Special consideration can be given to a rider signed by a team who has no formal ranking points on the road but has had other success. For example a track or mountain bike world champion can be given synthetic individual value points to contribute to the team’s sporting value although the scenarios are limited, for example an omnium champion can get points but not a team pursuiter. Cyclocross star Sven Nys has just said he thinks top cross riders should be able to bring points to road teams… but this very idea is in place under the existing rules already. Only nobody knows about it.

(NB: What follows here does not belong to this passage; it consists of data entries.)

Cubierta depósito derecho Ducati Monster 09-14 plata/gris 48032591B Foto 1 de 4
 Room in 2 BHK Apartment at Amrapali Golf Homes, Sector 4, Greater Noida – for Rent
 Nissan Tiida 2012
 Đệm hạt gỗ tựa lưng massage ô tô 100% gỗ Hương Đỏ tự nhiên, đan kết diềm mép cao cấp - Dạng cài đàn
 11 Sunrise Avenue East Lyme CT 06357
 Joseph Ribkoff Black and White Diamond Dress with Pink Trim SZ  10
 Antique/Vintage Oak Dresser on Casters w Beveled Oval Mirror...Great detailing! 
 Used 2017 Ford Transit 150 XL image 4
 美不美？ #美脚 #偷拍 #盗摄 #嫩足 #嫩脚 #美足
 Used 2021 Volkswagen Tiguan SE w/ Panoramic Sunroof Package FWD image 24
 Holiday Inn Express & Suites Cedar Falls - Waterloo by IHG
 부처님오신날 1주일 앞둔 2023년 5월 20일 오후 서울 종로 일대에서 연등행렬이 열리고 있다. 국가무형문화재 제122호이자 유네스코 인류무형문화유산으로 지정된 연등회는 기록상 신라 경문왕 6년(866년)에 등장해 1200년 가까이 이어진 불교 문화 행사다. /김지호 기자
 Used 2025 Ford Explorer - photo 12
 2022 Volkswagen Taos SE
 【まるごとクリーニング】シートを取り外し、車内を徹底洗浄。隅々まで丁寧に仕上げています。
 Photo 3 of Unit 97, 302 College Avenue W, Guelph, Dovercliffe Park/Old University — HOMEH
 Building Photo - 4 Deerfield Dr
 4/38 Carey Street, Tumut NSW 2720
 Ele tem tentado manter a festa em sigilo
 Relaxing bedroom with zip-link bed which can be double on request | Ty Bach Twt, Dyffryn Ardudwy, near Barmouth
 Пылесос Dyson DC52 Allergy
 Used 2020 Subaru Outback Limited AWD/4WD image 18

One regular question is why teams with a reported licence for several years still have to worry about relegation every year. It’s true that teams get multi-year licences that can last for four years. But there is an annual assessment. It makes sense,a team that meets all the requirements for its first season must continue to meet these levels for the remaining four years. This is protective, for example a team could signed riders with points to qualify for the World Tour in its first year only to let them go and hire some second-rate riders but still qualify for the Tour de France, sending a poor team but still cashing on on its presence in the race.
The flip-side is that sponsor holding a four year licence in fact has a one year licence followed by an option to renew annually. This is risky, the sponsor cannot know the state of the jobs market for riders in the upcoming years and the investment needed to keep hire enough riders with points.
The exact arithmetic of the points system is top secret although last year cyclingnews got a glimpse. It’s not just UCI cageyness. Instead the idea is that if riders don’t know the points scale then they won’t race for points, unaware of the exact arithmetic they will eschew calculation and race to win.
However this good intention is having the reverse consequence. Many riders have the impression that they must have points to have a good contract when in fact only the top-12 on a team need to bring the points. If they only knew that points count for a few riders then they’d sleep better at night and race better in the day.
- Sporting value is based on the “individual value” of rider with points signed for the next season plus points from “collective value” of team results earned in the past year
- Only the top 12 riders on the team count towards the “individual value”
- Points are won in all UCI registered races but weighted towards the biggest events with the deepest fields
- An individual’s points come from the two past seasons, so for 2013 the rider’s results in 2011 and 2012 score points
- Bonus points for “collective value” are won for team rankings, whether the UCI rankings or classifications within stage races
- Special individual points can be attributed to non-road cyclists who join a pro team
Is it clear now? If the precise arithmetic remains top secret hopefully you get the idea that teams are scored using an internal points scale based on the 12 best riders they have under contract for 2013.
I think the secrecy has backfired, the sport has got to the point where many riders are scrambling for points and blaming the system when in fact they might not need to worry so much. Even Sven Nys who sits on the UCI’s athlete commission appears confused by the system. With the move to counting the points of only the best 12 riders, down from 15 before, the majority of a team’s roster can be packed with valuable but “pointless” riders.
It’s right that a four year licence is not set in stone otherwise cynical team managers could sit on a four year licence and send weak teams to races but at the same time, this annual review is awkward because a sponsor who signs up today for a four year licence cannot be sure how much it will cost to assemble a qualifying team in three years’ time, which makes durable sponsorship hard to secure.